There are other possibilities. You could walk past the cop, who might recognise and follow you. As you circle a pond, falling out of sight of the crowd, you can turn and slam your enemy's head into the wall, incapacitating him. As long as nobody spots you doing this, it's as if it hasn't happened.
Indeed, confrontation has become essential (and Ubisoft's planning to flesh out combat mechanics soon, with a range of finishing moves mooted). Previously, of course, detection was so frustrating a lot of players opted simply to reload from a save-file. But this is a game about avoiding capture rather than detection, says Ferland, and the latter can be harnessed to solve problems. In effect Sam's and the player's roles have been reversed - now he's the one in a relentlessly precarious situation. For you, "there's no right or wrong way to play it".
Part of this is out of a desire to make the game "more accessible", says Ferland, who rues the fact that many of his friends simply found the game too hard to play in previous iterations.
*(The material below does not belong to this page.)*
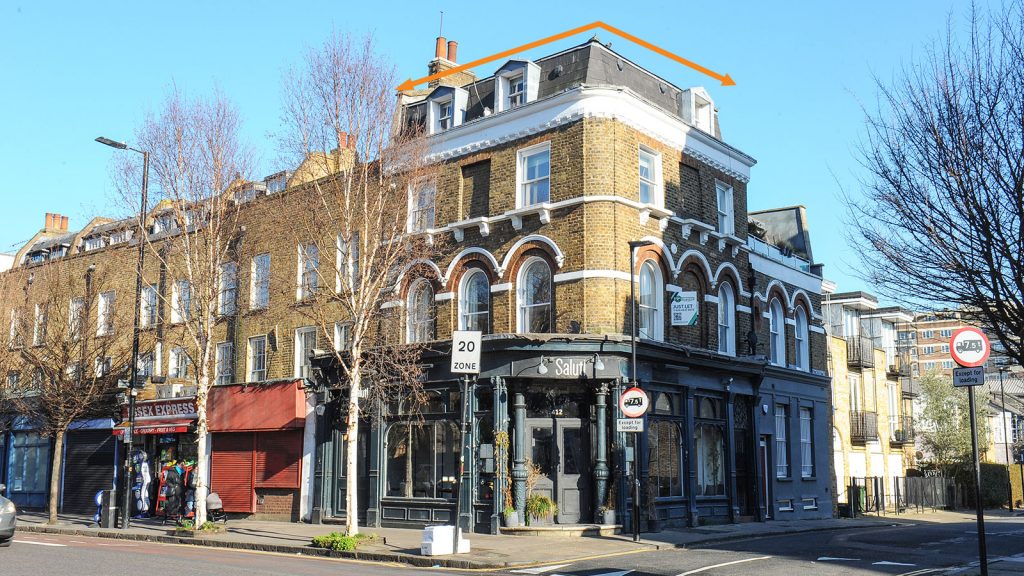 Restaurant let for £27,750 with 3 flats above on long leases in Islington London for sale at Acuitus commercial auctions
To aid them, and you, Conviction also offers a greater degree of interactivity. You can distract enemies by shoving people in the crowd, or lure and then attack them, but avoiding capture through distraction is often about manipulating objects. Work your way into an office and you can barricade the door to secure time to rifle through desks. You can scatter papers to confuse pursuers. You can grab walkie-talkies from downed guards to listen in on the progress of their search for you. You can even replace objects that have been knocked over in a fight, returning a room to its previous state. If somebody spots a printer lying broken on the floor, they might search the area thoroughly, but if they see nothing amiss at a glance, they won't.
In service to this is level of physics programming that exceeds everything Ubisoft has done before, and a new animation system that helps Sam latch onto objects believably no matter how they've fallen. If a chair is lying on its side, Sam will grab it by the back and leg, whereas a printer's heft means it needs to be supported from underneath. The effect appears consistent, even at this stage, on pre-alpha code. The rest of the engine, built from the ground up, we're told, hopes to benefit from the game's "exclusivity" to PC and Xbox 360. New effects include - ironically - some of the series' most convincing shadows to date. The frame-rate is almost as unkempt as Sam's beard (one "big" distraction is an exploding propane canister, which the game clearly doesn't like yet), but there's still a way to go.
But the question is whether the path they're finding is actually one that players want. We ask Ferland if he's worried about fans reacting badly. "We've been working very closely with the fans from the beginning," he insists. "Their first reaction was, 'What's going on? Where's Sam?' And then they discovered these new possibilities, this new mechanic and they said, 'That looks awesome. I want to play it.'" Right. "To us, it's a nice way to expand the brand because Ubisoft is a nice company and you can push it hard with innovation, especially in Splinter Cell, and sometimes when you want to push innovation you need to adapt your creative direction to fit the kind of gameplay you want to provide." He's definitely in love with the newly contextual stealth action, and tells us so, even if he acknowledges the risk. He also says he believes the controls and gameplay ramifications will feed into an intriguing multiplayer element - something nobody's talked about yet.
But what if it all goes wrong? Will they stick to it for another instalment, or retreat back to the comfort of the shadows? "It's not a one-way direction," says Ferland. "You can always go back and do different things, having Sam in a new position, or a different character to explore light-and-shadow gameplay." For now then, we'll just have to wait and see whether Ubisoft's bold decision to ditch most of what made Splinter Cell such a success was a wise one or not. A bit like Sam, the present public reaction suggests it'll be guilty until proven innocent.
Tom Clancy's Splinter Cell: Conviction is due out on PC and Xbox 360 this year.